Approximately 80% of Baltek's revenues are derived from its core materials
segment and 20% from the shrimp segment.
The principal market for the Company's core materials is in the United
States, while the shrimp market is divided between the United States and
Europe.
The balsa and shrimp products are produced in Ecuador, South America. The
supply of raw materials has been without interruption for over 50 years.
The balsa and shrimp identifiable assets located at various facilities in
Ecuador are included in the Company's consolidated balance sheet and total
approximately $23 million at December 31, 1997. Foam and mat products are
purchased from outside vendors; the foam products are further processed by
the Company for sale to customers.
2. SUMMARY OF SIGNIFICANT ACCOUNTING POLICIES
Principles of Consolidation - The consolidated financial statements
include the accounts of the Company and its wholly-owned subsidiaries. All
significant intercompany accounts and transactions have been eliminated in
consolidation.
Cash and Cash Equivalents - Cash equivalents consist of short-term highly
liquid investments with maturities of three months or less when purchased.
Cash flows from Baltek's operations in foreign countries are calculated
based on their reporting currencies. As a result of this, amounts related
to changes in assets and liabilities reported on the consolidated
statement of cash flows will not necessarily agree to changes in the
corresponding balances on the consolidated balance sheets. The effect of
exchange rate changes on cash balances held in foreign currencies is
reported on a separate line below cash flows from financing activities.

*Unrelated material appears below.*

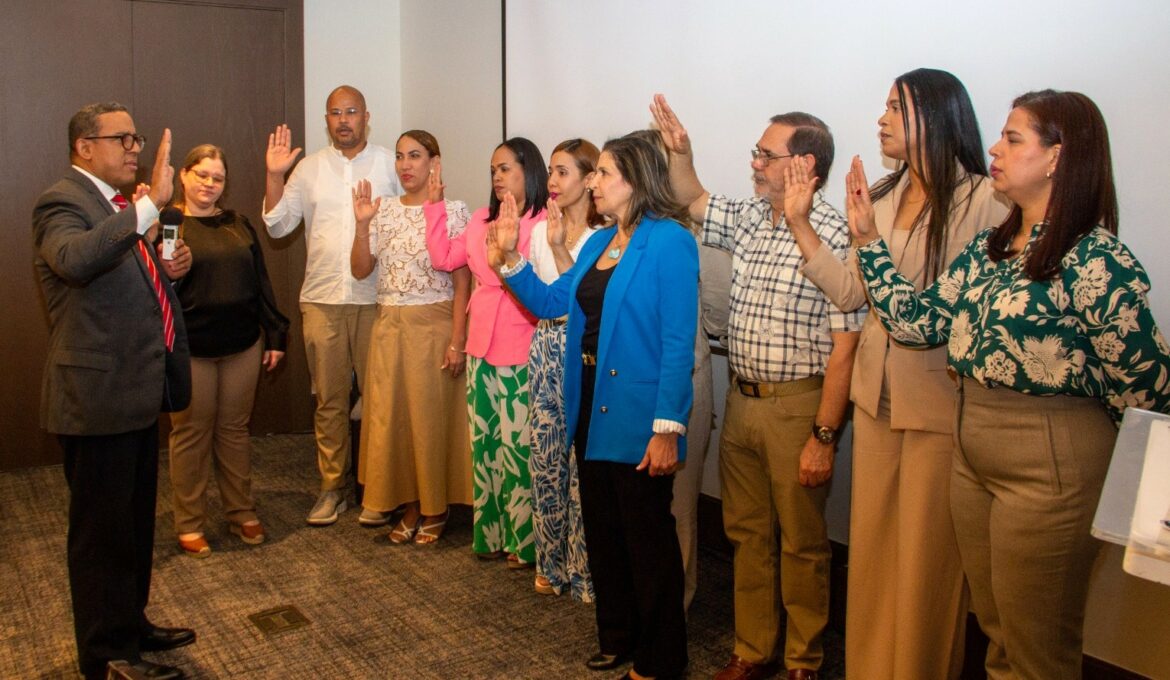 foto directiva sociedad reuma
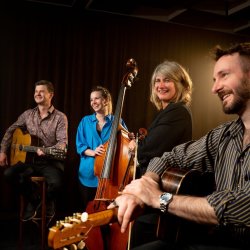 KiWi Jazz Lounge präsentiert: Julia Hornung Trio feat. Aurore Voilque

Inventories - Inventories are valued at the lower of cost or market. Cost
is determined by use of the first-in, first-out (FIFO) method.

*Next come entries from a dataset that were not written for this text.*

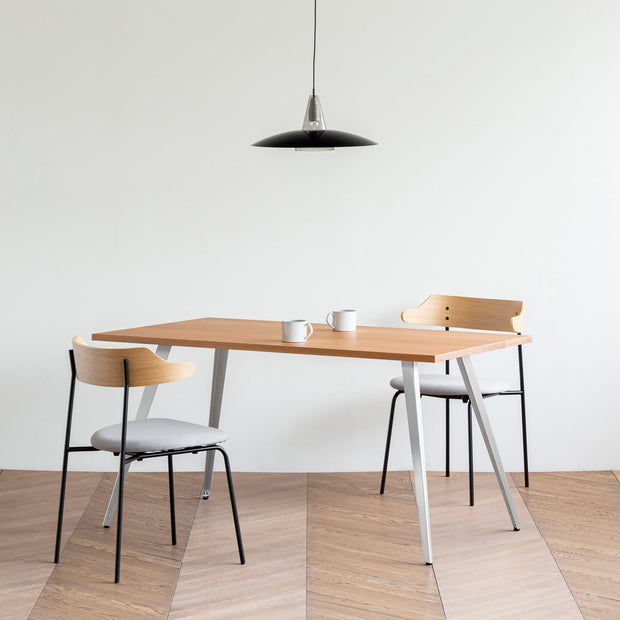 Gemoneのブラックチェリー天板とフラットピン型ステンレス脚を組み合わせたシンプルなテーブルの使用例1
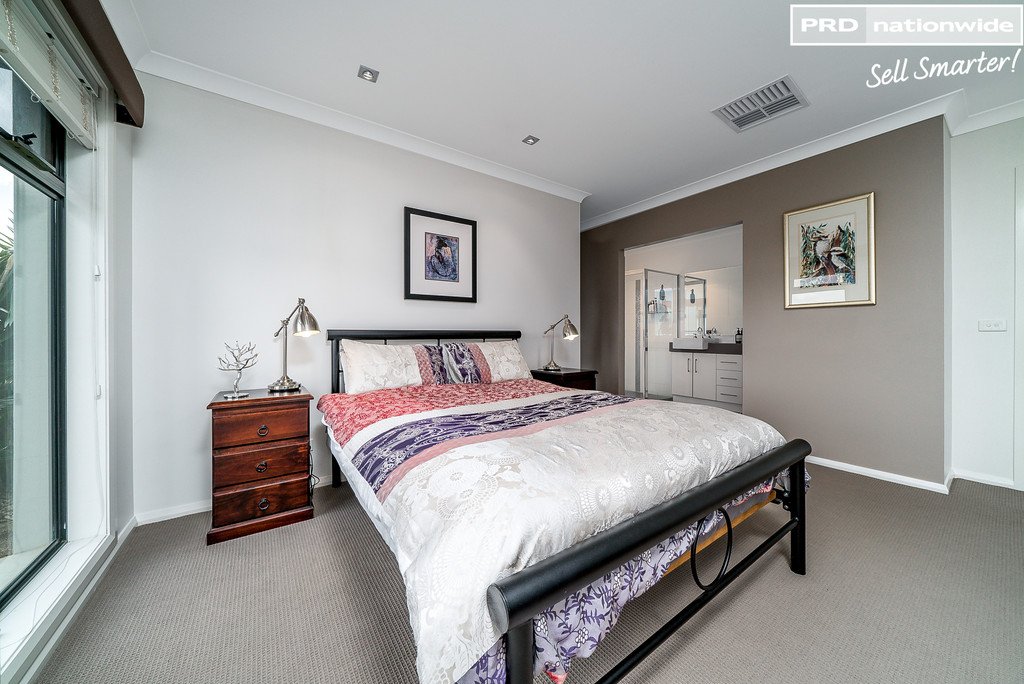 21 Osterley Street BOURKELANDS 7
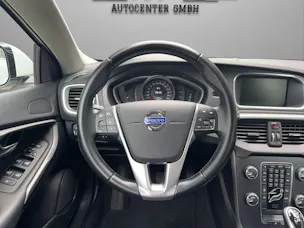 Volvo V40 D2 Momentum Powershift
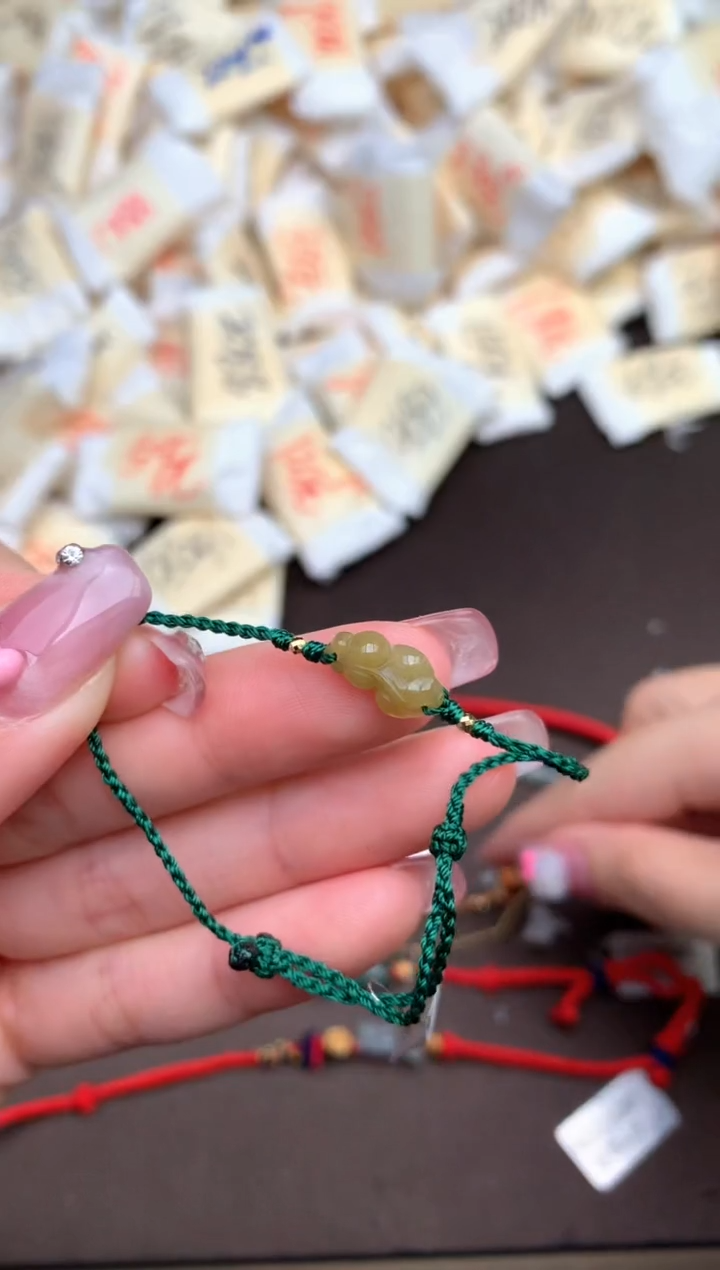 【闪购商品】翡翠手绳未镶嵌 —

Property - Property, plant and equipment is stated at cost. Depreciation
is provided for depreciable assets over their estimated useful lives using
various accepted depreciation methods. The asset under capital lease and
leasehold improvements are amortized over their estimated useful lives, or
the life of the lease, whichever is shorter.
-6-
Income Taxes - Taxes on current income are provided by the Company and
each subsidiary as prescribed by local tax laws. Deferred tax assets and
liabilities are recognized for the future tax consequences attributable to
differences between the financial statement carrying amounts of existing
assets and liabilities and their respective tax bases.

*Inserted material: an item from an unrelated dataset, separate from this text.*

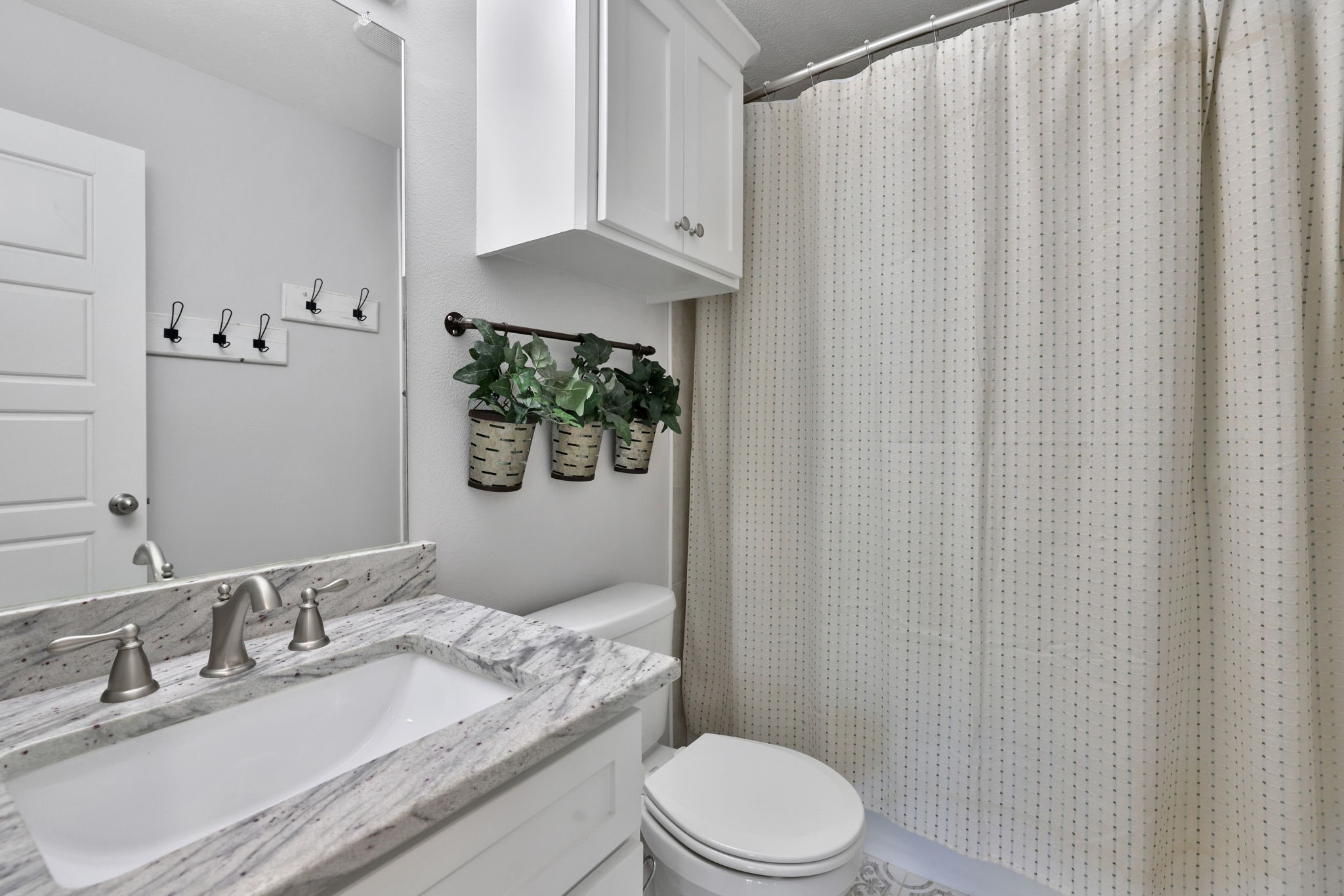 20 Ridgeway Drive Coldspring, TX 77331 - Photo 11 of 40 Guest bathroom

Timber and Timberlands - Timberlands are carried at cost. Timber-deferred
cultivation costs represent the cost of preparing, clearing and seeding
the Company's balsa wood plantations. Amortization of deferred cultivation
costs is based on units of production. Timber carrying costs, which
include the regular maintenance and overseeing of timberlands, are
expensed as incurred.
Foreign Currency Translation - The financial statements of the Company's
foreign subsidiaries are remeasured into U.S. dollars, the Company's
functional currency.
Foreign Currency Risk Management - The Company uses forward foreign
currency exchange contracts to reduce currency exchange rate risk on firm
commitment purchases denominated in foreign currencies. Gains or losses
resulting from these contracts are deferred and are included in the
purchase price of the materials. The maximum term of these contracts is
less than one year. The Company does not intend to enter into derivative
financial instruments for trading purposes.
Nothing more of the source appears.